What a neat gun. Obviously not all that common. Check ebay for manuals and such. You'd really be surprised on what you find on there. Good luck on the search !!


----------



## youngdon (Mar 10, 2010)

Savage is their parent company and may be able to help you out. I'd start there.


----------



## showmeyote (Dec 12, 2010)

youngdon said:


> Savage is their parent company and may be able to help you out. I'd start there.


Don, I would do that but I have researched that J Stevens burnt down some time ago. And all known serial #s went with it. So not sure what I got!


----------



## youngdon (Mar 10, 2010)

I'll bet that Savage has a historian that may be able to put you on the right track.


----------



## lucas_shane (Jan 25, 2011)

I think my grandad has one just like it. Ill check the next time Im up there.

I agree call Savage and see what they say......they cant eat you....lol


----------



## youngdon (Mar 10, 2010)

Well... they could... but we would stop buying their guns.... unless they had a sale, or even a special, or put it in a pretty brown box.


----------



## lucas_shane (Jan 25, 2011)

youngdon said:


> Well... they could... but we would stop buying their guns.... unless they had a sale, or even a special, or put it in a pretty brown box.

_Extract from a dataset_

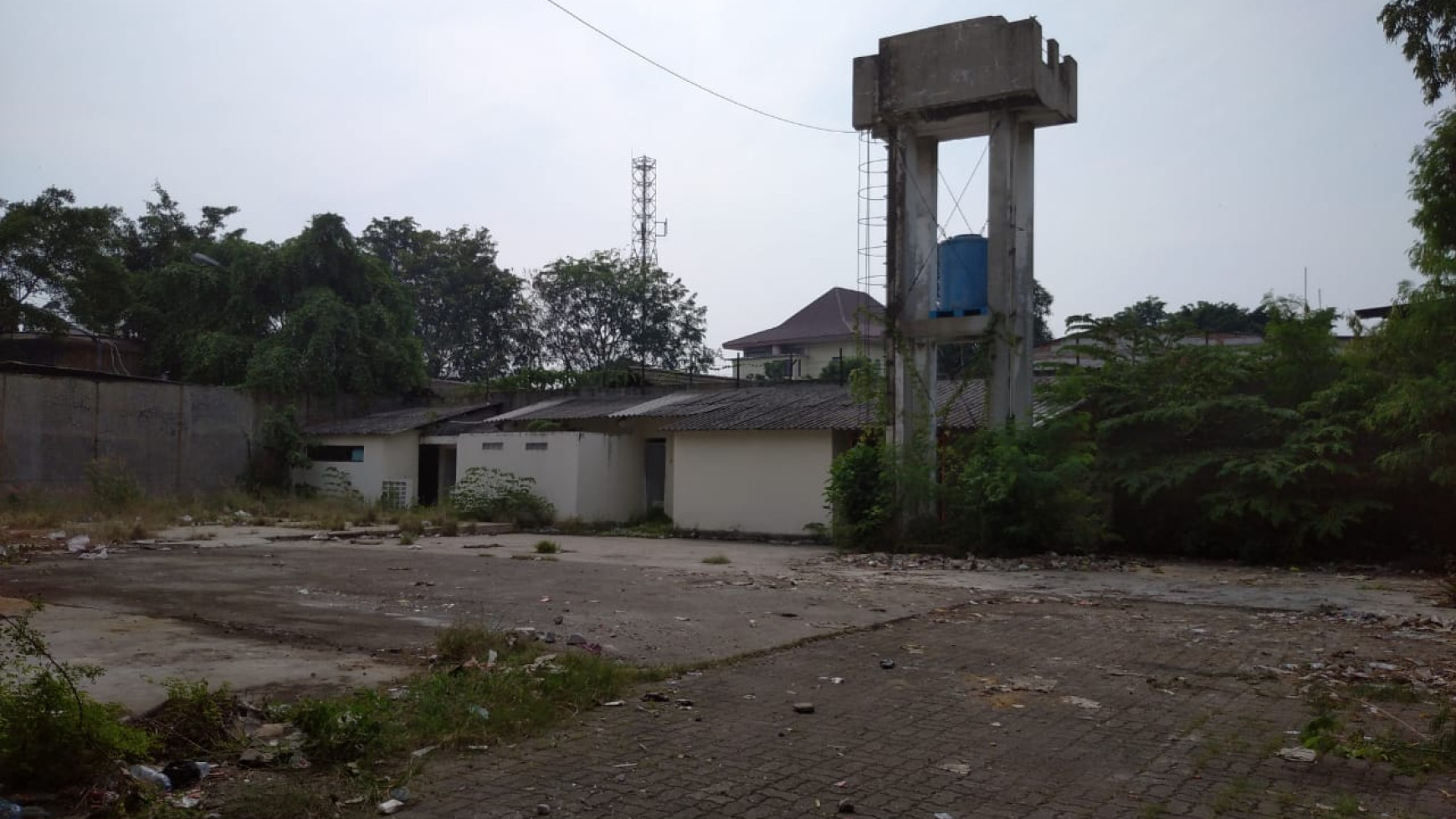 Disewa Gudang Tunggal Jarang Ada di Raya Bekasi Dekat Jiep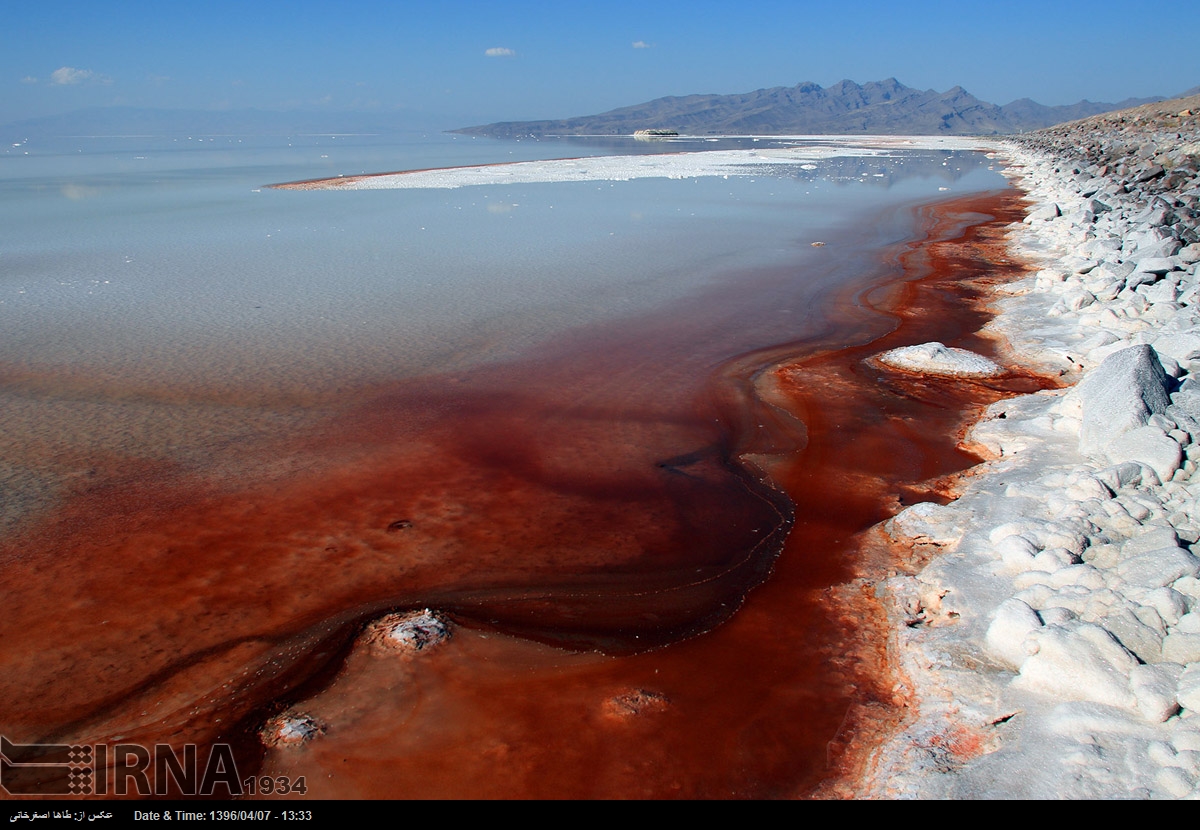 قرمزی سطح آب دریاچه ارومیه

Im partial to my savage rifles !! They shoot great and priced right !


----------



## bones44 (Jan 7, 2011)

Don't forget the pretty brown box Luke....... LOL


----------



## lucas_shane (Jan 25, 2011)

They come in a box ? man you must be buying tha high end savages....lol


----------



## youngdon (Mar 10, 2010)

Dude !! No box ? You got ripped !


----------



## lucas_shane (Jan 25, 2011)

LMBO !! I usually leave the box on the counter. man I knew I was forgetting something


----------